• Work order
Only one stretch of the records below should be repeated. It starts with the line containing "eaa15-065.jpg" and goes on through the line containing "Paris rue de saintonge.jpg", exactly as written.

• Items from a data source
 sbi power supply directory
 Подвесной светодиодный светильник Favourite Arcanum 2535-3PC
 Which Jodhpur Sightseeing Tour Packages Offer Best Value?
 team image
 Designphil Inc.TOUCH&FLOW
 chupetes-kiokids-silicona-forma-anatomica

---

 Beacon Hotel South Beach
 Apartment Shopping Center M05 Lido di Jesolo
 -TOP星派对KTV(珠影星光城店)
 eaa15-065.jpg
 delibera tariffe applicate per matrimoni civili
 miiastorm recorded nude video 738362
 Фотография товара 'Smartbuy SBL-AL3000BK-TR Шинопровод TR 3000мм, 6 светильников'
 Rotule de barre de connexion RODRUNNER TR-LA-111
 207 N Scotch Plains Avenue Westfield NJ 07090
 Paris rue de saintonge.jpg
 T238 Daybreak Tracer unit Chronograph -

...

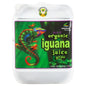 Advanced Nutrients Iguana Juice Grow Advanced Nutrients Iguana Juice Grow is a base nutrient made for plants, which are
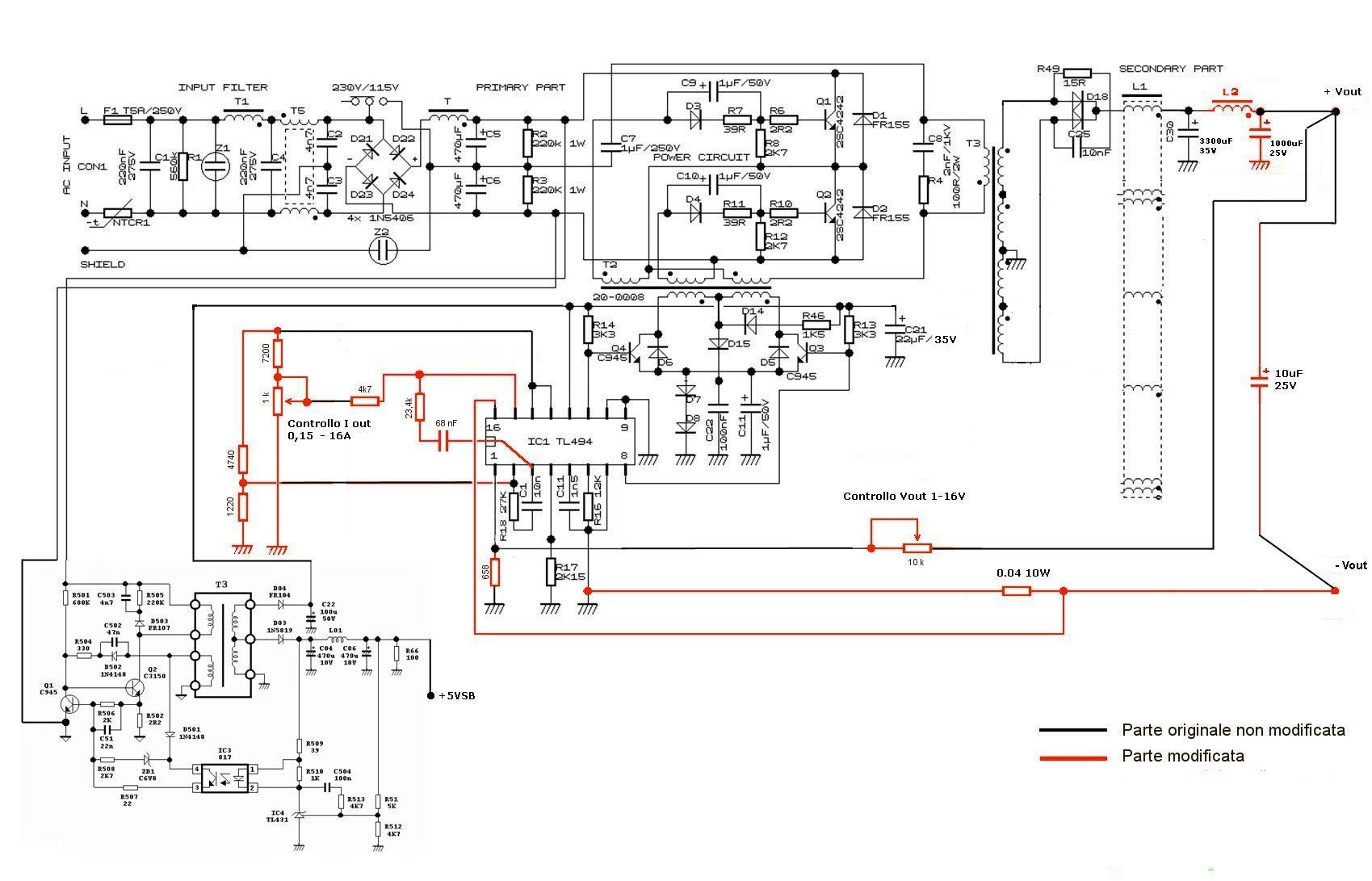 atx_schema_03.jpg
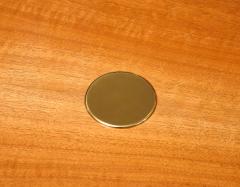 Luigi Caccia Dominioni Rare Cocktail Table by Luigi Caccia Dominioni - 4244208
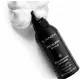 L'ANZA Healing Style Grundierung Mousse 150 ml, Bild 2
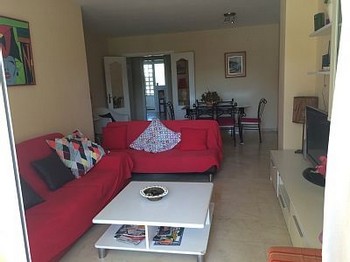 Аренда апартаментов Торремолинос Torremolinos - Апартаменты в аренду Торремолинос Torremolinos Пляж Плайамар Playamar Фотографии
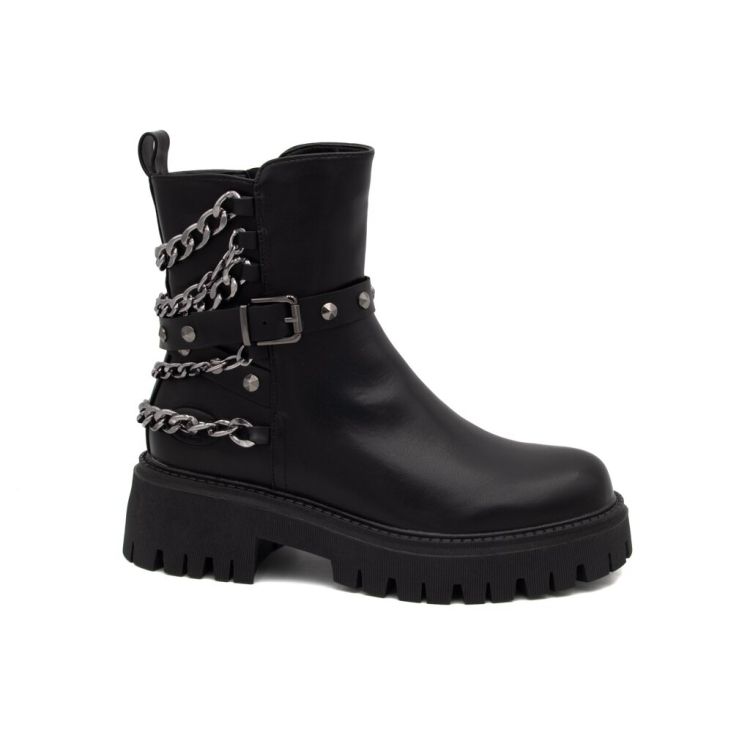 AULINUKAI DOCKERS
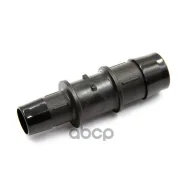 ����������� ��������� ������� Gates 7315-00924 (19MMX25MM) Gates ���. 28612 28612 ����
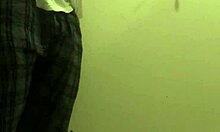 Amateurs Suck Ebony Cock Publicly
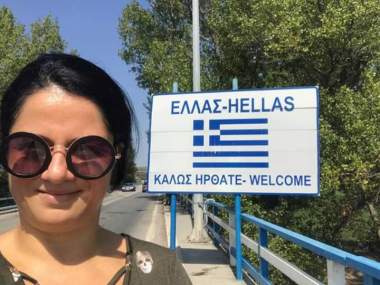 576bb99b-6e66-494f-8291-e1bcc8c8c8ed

• Result of this task
 eaa15-065.jpg
 delibera tariffe applicate per matrimoni civili
 miiastorm recorded nude video 738362
 Фотография товара 'Smartbuy SBL-AL3000BK-TR Шинопровод TR 3000мм, 6 светильников'
 Rotule de barre de connexion RODRUNNER TR-LA-111
 207 N Scotch Plains Avenue Westfield NJ 07090
 Paris rue de saintonge.jpg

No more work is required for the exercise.